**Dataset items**

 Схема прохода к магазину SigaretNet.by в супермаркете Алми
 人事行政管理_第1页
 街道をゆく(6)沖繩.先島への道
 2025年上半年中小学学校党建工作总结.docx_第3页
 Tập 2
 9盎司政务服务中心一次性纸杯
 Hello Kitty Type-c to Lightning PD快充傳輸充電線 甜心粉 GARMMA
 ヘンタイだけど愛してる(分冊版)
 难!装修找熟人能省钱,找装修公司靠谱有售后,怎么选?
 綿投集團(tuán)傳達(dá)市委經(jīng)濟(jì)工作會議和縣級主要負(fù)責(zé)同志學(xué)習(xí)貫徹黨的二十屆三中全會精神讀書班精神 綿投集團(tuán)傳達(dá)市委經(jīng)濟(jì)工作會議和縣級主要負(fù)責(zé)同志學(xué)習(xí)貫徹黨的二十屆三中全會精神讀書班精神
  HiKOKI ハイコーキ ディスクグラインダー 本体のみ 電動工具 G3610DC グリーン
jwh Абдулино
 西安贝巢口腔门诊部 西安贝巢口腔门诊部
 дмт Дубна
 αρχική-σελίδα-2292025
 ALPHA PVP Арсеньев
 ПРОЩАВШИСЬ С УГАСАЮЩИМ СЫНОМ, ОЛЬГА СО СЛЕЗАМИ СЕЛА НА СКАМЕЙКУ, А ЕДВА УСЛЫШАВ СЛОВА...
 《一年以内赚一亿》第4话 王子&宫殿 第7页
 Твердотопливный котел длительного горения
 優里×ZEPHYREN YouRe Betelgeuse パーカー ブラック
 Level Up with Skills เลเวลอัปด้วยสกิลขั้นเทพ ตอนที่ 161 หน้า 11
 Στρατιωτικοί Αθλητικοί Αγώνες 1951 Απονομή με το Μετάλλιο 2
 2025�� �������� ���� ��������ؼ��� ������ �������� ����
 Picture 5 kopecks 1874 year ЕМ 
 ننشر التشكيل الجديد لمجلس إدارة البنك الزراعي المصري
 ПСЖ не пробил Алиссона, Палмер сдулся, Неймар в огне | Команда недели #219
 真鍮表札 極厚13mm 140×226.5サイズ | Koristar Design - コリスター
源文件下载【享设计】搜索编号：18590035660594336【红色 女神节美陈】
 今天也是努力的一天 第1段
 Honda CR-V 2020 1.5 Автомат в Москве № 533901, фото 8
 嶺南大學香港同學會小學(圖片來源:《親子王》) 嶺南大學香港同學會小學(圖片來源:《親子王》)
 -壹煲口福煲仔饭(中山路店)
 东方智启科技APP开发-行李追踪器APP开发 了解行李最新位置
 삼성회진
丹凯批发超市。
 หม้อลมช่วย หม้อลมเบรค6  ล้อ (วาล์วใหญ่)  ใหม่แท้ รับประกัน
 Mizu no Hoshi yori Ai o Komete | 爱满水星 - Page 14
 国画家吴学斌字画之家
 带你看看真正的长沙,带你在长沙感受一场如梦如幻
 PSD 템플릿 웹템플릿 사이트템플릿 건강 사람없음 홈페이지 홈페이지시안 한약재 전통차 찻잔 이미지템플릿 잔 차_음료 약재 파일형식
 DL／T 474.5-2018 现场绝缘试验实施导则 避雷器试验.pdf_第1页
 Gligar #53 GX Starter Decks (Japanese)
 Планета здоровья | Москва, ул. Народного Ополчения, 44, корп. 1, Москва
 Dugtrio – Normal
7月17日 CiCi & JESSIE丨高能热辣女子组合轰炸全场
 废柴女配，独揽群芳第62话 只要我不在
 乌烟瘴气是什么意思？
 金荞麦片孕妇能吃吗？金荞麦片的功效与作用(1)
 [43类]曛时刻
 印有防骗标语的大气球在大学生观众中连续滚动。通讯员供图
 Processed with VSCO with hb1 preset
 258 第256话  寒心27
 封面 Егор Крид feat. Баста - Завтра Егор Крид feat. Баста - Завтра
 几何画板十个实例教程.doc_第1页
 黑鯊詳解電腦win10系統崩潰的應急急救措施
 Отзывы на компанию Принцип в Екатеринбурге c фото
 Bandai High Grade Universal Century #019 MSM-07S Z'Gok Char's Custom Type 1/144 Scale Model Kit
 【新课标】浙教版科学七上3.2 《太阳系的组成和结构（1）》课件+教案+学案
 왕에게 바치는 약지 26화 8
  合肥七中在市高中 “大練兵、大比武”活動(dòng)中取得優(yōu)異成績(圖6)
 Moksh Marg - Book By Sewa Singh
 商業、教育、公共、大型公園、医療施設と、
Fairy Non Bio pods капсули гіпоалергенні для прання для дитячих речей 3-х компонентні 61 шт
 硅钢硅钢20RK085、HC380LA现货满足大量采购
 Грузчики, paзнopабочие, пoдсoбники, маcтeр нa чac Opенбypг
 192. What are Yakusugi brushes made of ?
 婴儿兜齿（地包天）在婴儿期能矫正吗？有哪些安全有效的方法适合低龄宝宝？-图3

**How to complete this task**
If a line above holds the word "Type", copy it.

**Problem solution**
 Hello Kitty Type-c to Lightning PD快充傳輸充電線 甜心粉 GARMMA
 Bandai High Grade Universal Century #019 MSM-07S Z'Gok Char's Custom Type 1/144 Scale Model Kit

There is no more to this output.